Have you been struggling to lose weight for quite some time now? No matter how hard you try, you just can’t seem to shift those pounds? This can be incredibly frustrating, and it can lead you to believe that you are never going to be able to lose weight. However, fear not, as it could be that you are simply making a common weight loss error. After all, there is a lot of misinformation on the Internet, and so it can be difficult to know what is right or wrong. With that being said, continue reading to find out the common weight loss mistakes you should avoid…
Common Mistakes Made When Trying to Lose Weight
A lack of sleep – There is only one place to begin, and this is with your bedtime routine. How many hours of sleep do you think that you get every evening? Do you get the required six to eight hours? If not, this is definitely where you are going wrong. The same applies if you do not get a high-quality sleep every night, i.e. you wake up regularly. If you do not get the required amount of sleep, it is likely that you will end up turning to sugary and unhealthy snacks the next day. You also do not give your body the chance to digest what you have eaten during the day.
Relying on weight loss medication on its own – There are lots of effective weight loss pills that are available today. Orlistat is a weight loss medication that comes highly recommended. These tablets reduce the quantity of fat that the body absorbs. However, you cannot expect your tablets to do all of the hard work for you. If you are eating pizza and drinking beer, you’re not going to shed the pounds. You need to combine your medication with the right diet and exercise. Also, make sure the pills you are using are right for you – your weight and your BMI, and that they have a good reputation. The best thing to do is talk to your doctor, and ask for their professional recommendation.
Overestimating the calories you burn during exercise – Another mistake that a lot of people make is overestimating the number of calories they burn while working out. Needless to say, you are going to need to work out regularly to lose weight. However, a lot of people think that because they have exercised for ‘x’ amount of time, they can now eat something calorific because they have burnt it off. In fact, there has been a lot of research that has shown that people overestimate the number of calories they burn when working out.
Exercising too much – Another mistake that people make when it comes to exercising is doing it too much.
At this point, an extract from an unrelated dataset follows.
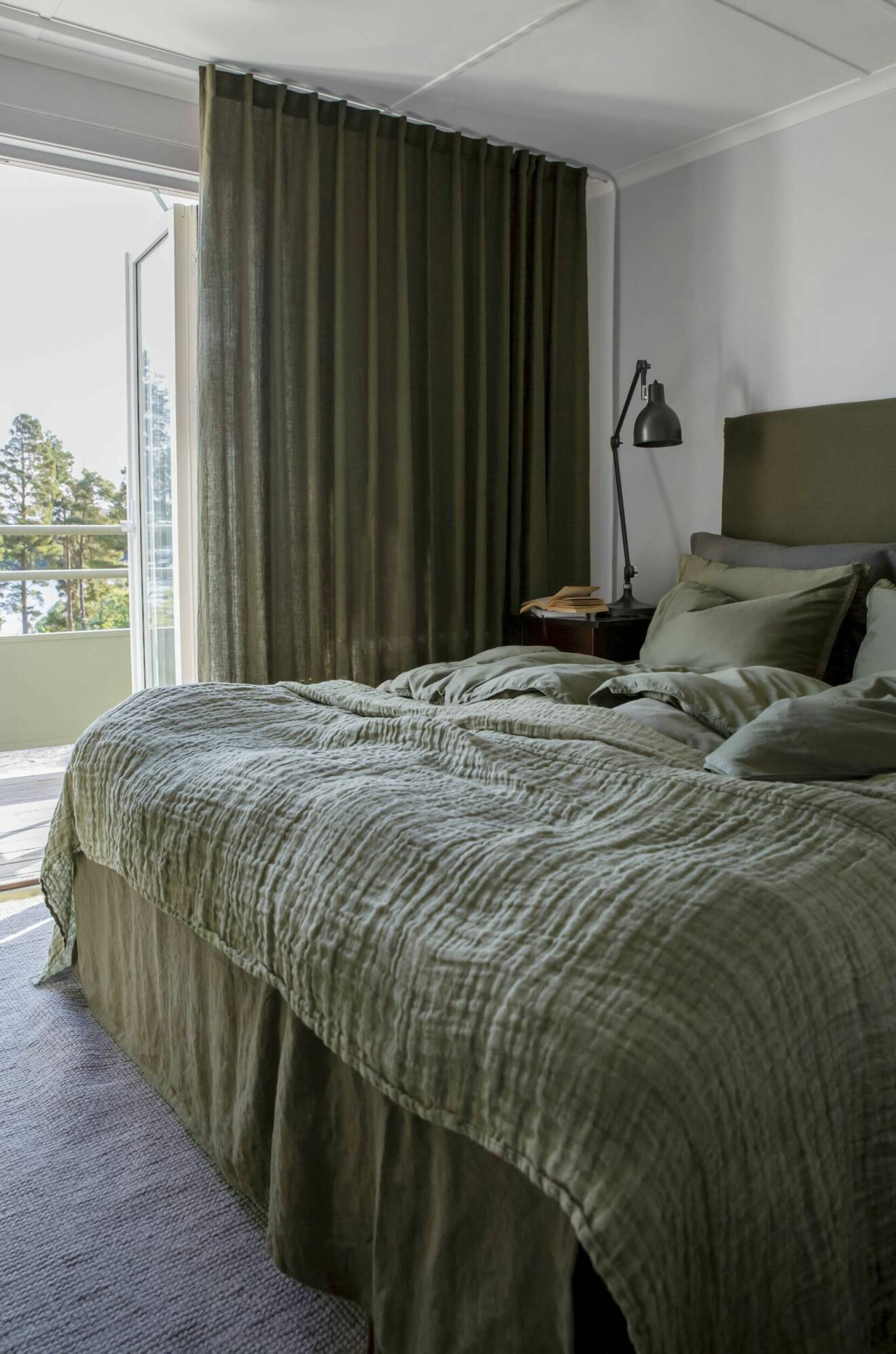 mysigt sovrum med bäddad säng och gardiner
They assume that the more they workout, the more weight they will burn. However, it does not work like this. You will get to a point where you hit a brick wall. Rest days are just as critical.
Only having a big glass of fruit juice for your breakfast – You may assume that fruit juice is healthy. However, they contain a lot of sugar, and this can actually result in you overeating later in the day. This is because it will increase your levels of insulin, which is known to make people feel hungry. It is important to get protein and fibre in the morning. A poached egg with a slice of wholegrain toast is the perfect breakfast.
Relying on the scale – Yes, standing on the scale once per week to see how much you weigh is a good idea. However, don’t run the risk of becoming obsessed with your weight. This is not the only way to measure your progress. You should also measure your weight loss in terms of inches lost.
Failing to read labels properly – Do you know how to read food labels? No, this does not mean picking up any product with the words ‘low fat’ written on it. This is what a lot of people do. It is understandable. However, these products often tend to be an example of clever marketing, rather than being good for you. Just because something is low in fat does not mean it is healthy, as it may be packed with sugar.
Repetitive workout routines – Do you perform the same workout regime? If so, not only will you get bored and lose motivation, but your workouts will start to reduce in terms of their effectiveness. The key to success is to mix your workouts in terms of time, intensity, and the exercises that are being performed.
Not tracking what you eat – In addition to the points that have already been mentioned, it is also important to make sure you track what you eat. If you do not, it is easy to over eat because we forget about what we have consumed earlier in the day.
Expectations that are not realistic – Last but not least, make sure your expectations are realistic, otherwise, you are simply going to be setting yourself up for failure. It is better to have lots of small goals, rather than one big one.
As you can see, there are many different mistakes that people make when they are attempting to lose weight. If you have made any of the errors that have been mentioned above, there is no need to worry. At least you now know where you have been going wrong, so you can easily put some steps in place to change your approach to weight loss so you can get the results you are aiming for.